#### Data extract
-*-*-

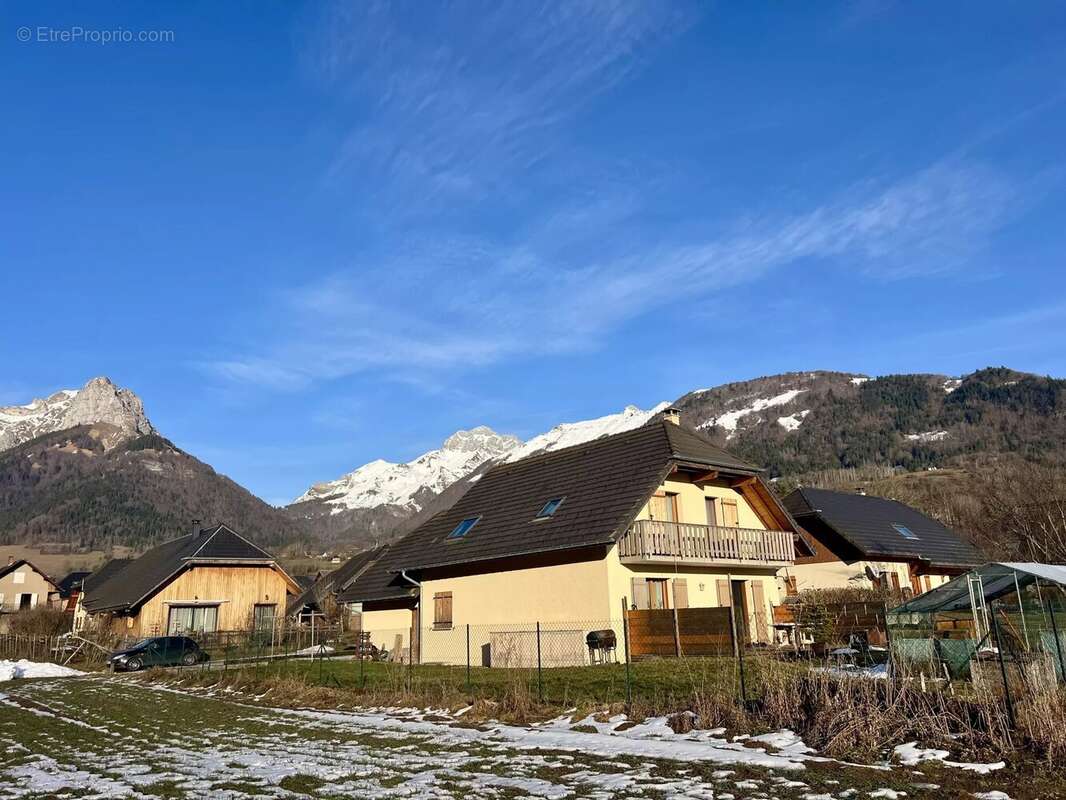 Maison à ECOLE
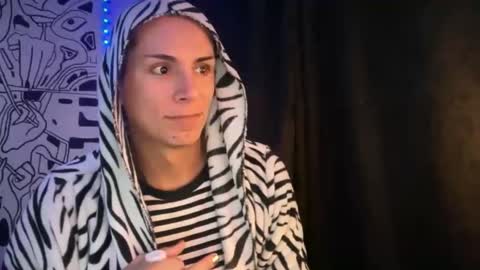 Snapshot of thematryoshka chatting on 10/24/25, 02:52 Lucy Lucy online show from 10/24/25, 02:52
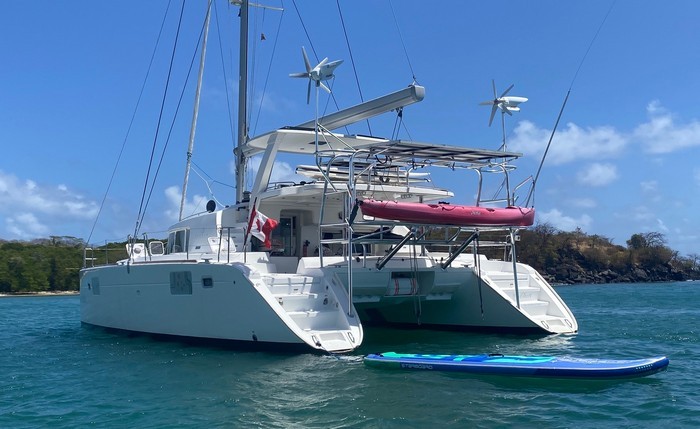 Used Sail Catamaran for Sale 2006 Lagoon 440 Boat Highlights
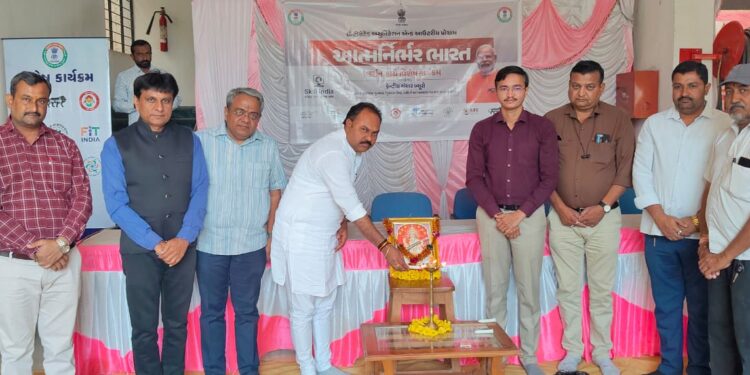 કેન્દ્રીય સંચાર બ્યુરો દ્વારા આત્મનિર્ભર ભારત અભિયાન અંતર્ગત તળાજા આઈ.ટી.આઈ ખાતે વિશેષ કાર્યક્રમ યોજાયો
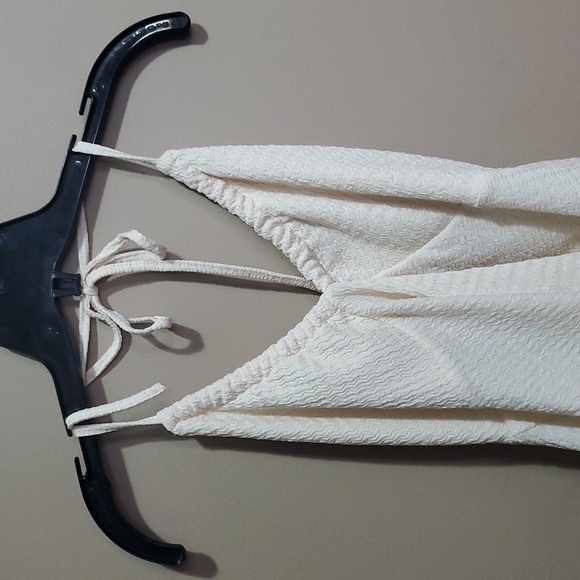 Cream halter style top size large - Picture 2 of 4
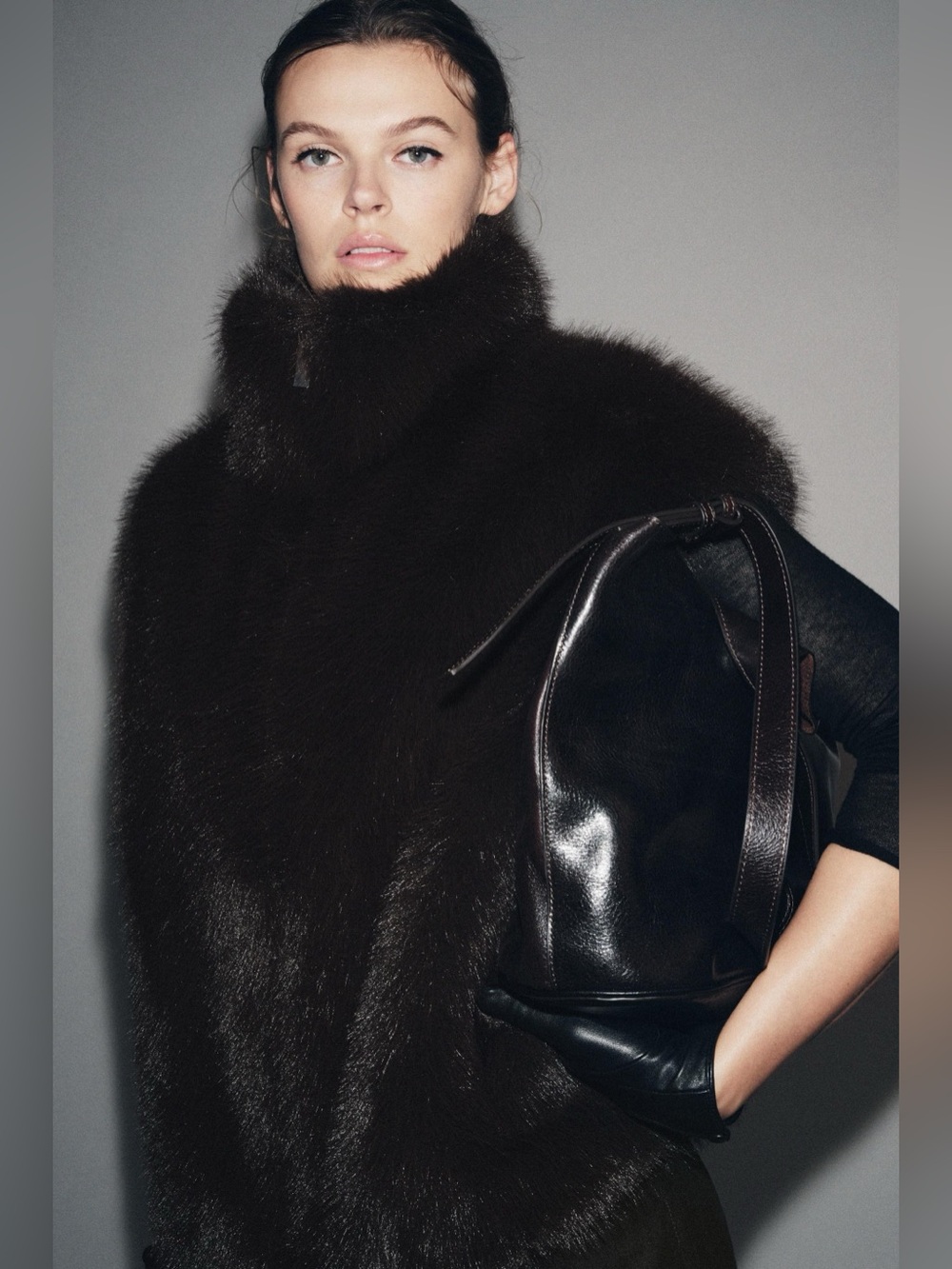 NEW ZARA FAUX FUR VEST HIGH NECK ZIPPERED | BLACK | SIZE: SMALL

-*-*-

#### Instructions to follow
Your reply must contain each entry exactly as written and no pictures.

#### Solution
 Maison à ECOLE
 Snapshot of thematryoshka chatting on 10/24/25, 02:52 Lucy Lucy online show from 10/24/25, 02:52
 Used Sail Catamaran for Sale 2006 Lagoon 440 Boat Highlights
 કેન્દ્રીય સંચાર બ્યુરો દ્વારા આત્મનિર્ભર ભારત અભિયાન અંતર્ગત તળાજા આઈ.ટી.આઈ ખાતે વિશેષ કાર્યક્રમ યોજાયો
 Cream halter style top size large - Picture 2 of 4
 NEW ZARA FAUX FUR VEST HIGH NECK ZIPPERED | BLACK | SIZE: SMALL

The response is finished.